→ Task details: The text of every record, exactly as given and with no pictures, should be your output.
--- START ---
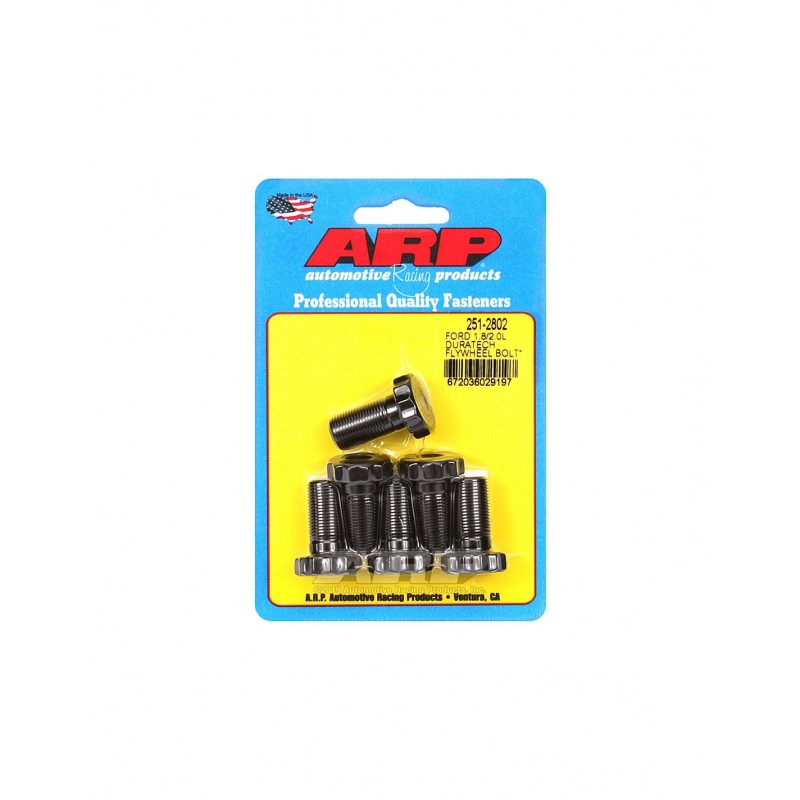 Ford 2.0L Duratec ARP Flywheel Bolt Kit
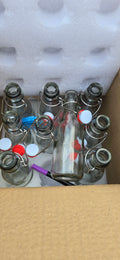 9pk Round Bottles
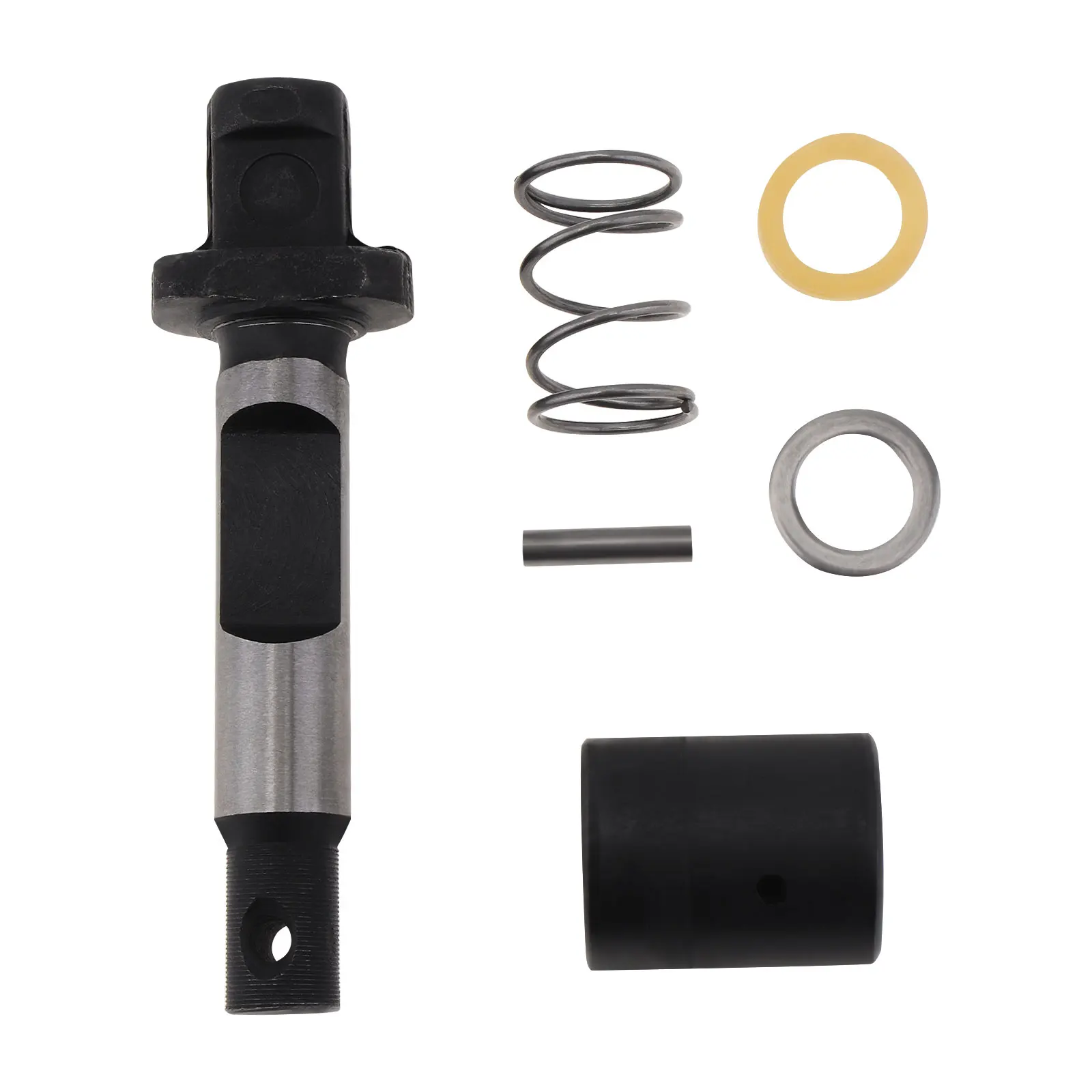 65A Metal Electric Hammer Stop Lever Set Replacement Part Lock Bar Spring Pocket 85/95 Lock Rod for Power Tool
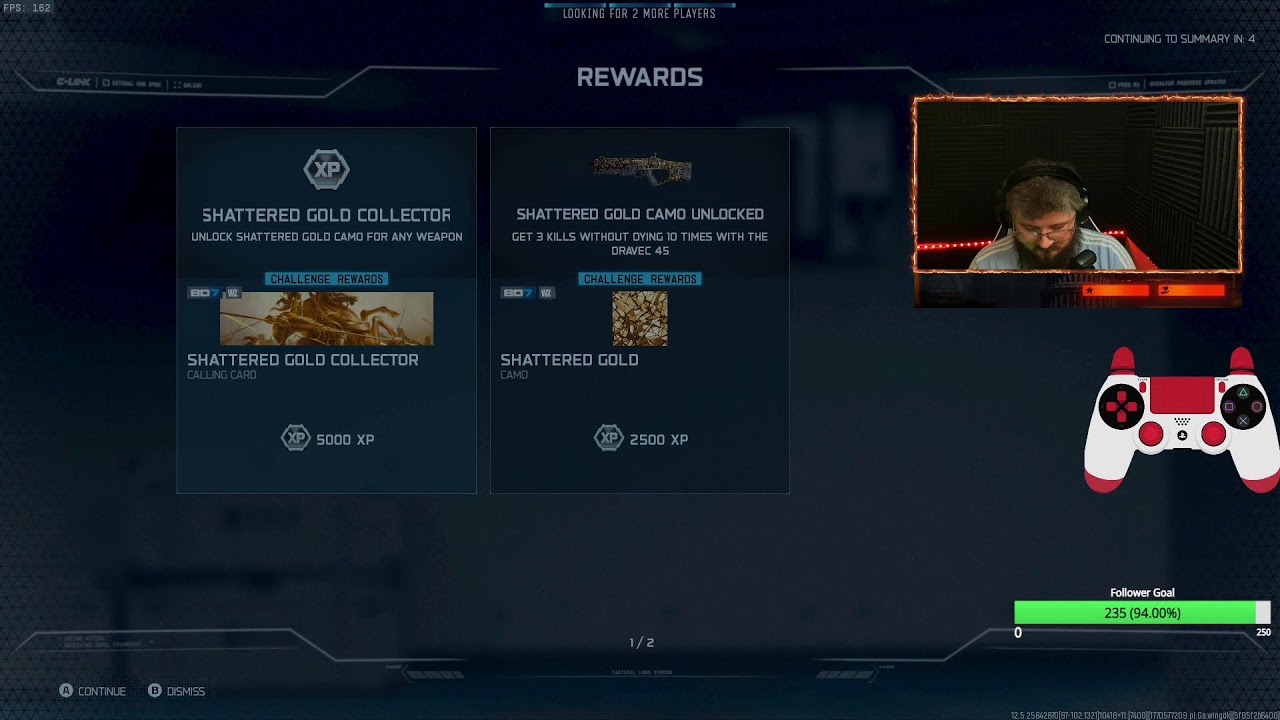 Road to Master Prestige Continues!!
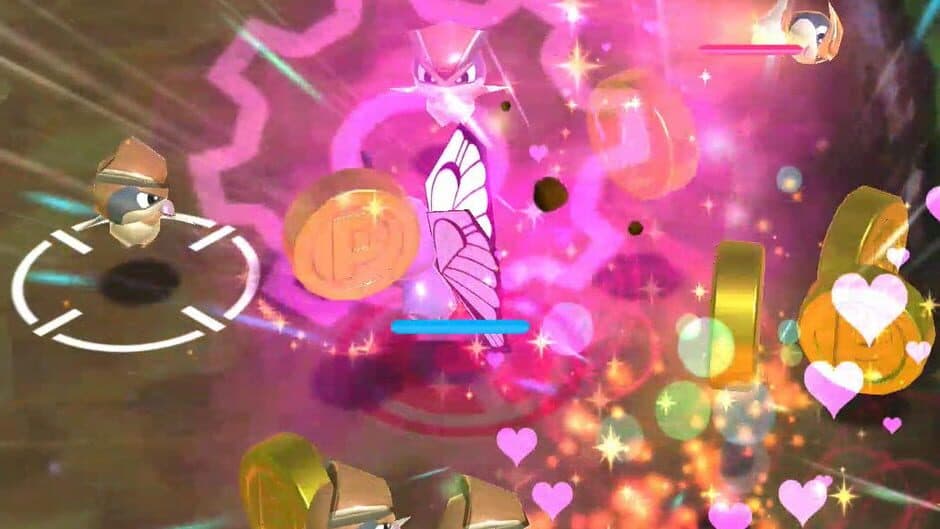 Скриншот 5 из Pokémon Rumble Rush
--- END ---
→ Solution:
 Ford 2.0L Duratec ARP Flywheel Bolt Kit
 9pk Round Bottles
 65A Metal Electric Hammer Stop Lever Set Replacement Part Lock Bar Spring Pocket 85/95 Lock Rod for Power Tool
 Road to Master Prestige Continues!!
 Скриншот 5 из Pokémon Rumble Rush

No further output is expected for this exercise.